More than 9.2 million pre-election ballots cast nationally as early and absentee voting continues ahead of the 2022 midterms, and there’s plenty of reasons to be excited about the prospect of a Trump-free ballot.
As we enter the final week before Election Day, more people have filed their absentee ballots than ballots in any election cycle since 2000. According to one recent analysis, the absentee voter gap in the midterms is the largest gap recorded in U.S. history, and that gap is growing — with Republicans on pace to outvote Democrats in 2018 by 19 percentage points.
Here’s what’s at stake in this election, and what to know about the issues that could tip this election to a tie or tossup.
‘A big test’ for voters
The stakes may be high for 2020, but the 2018 midterm is another opportunity for voters to find out if Trump is truly a one-time aberration in U.S. political history, like an orange stain on the carpet, or the beginning of a much longer journey toward a more inclusive democracy, as the 2020 election approaches.
All 435 seats in the U.S. House of Representatives and 27 U.S. Senate seats are up for reelection.

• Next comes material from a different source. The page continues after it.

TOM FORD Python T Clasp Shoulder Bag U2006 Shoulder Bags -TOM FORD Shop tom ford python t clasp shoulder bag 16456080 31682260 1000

In order to have a chance to take their seats back, candidates will have to win a majority of the vote, which is how all other elections are decided.
There are two issues voters want to know about in this election: who will vote and who will represent them.
For the House, the electoral college means that, at least in theory, voters from more densely populated areas will have to support more candidates to win a majority. The Senate is more problematic because of a law that allows each state to have a single vote for senators, meaning that the map is more winnable, at least in theory.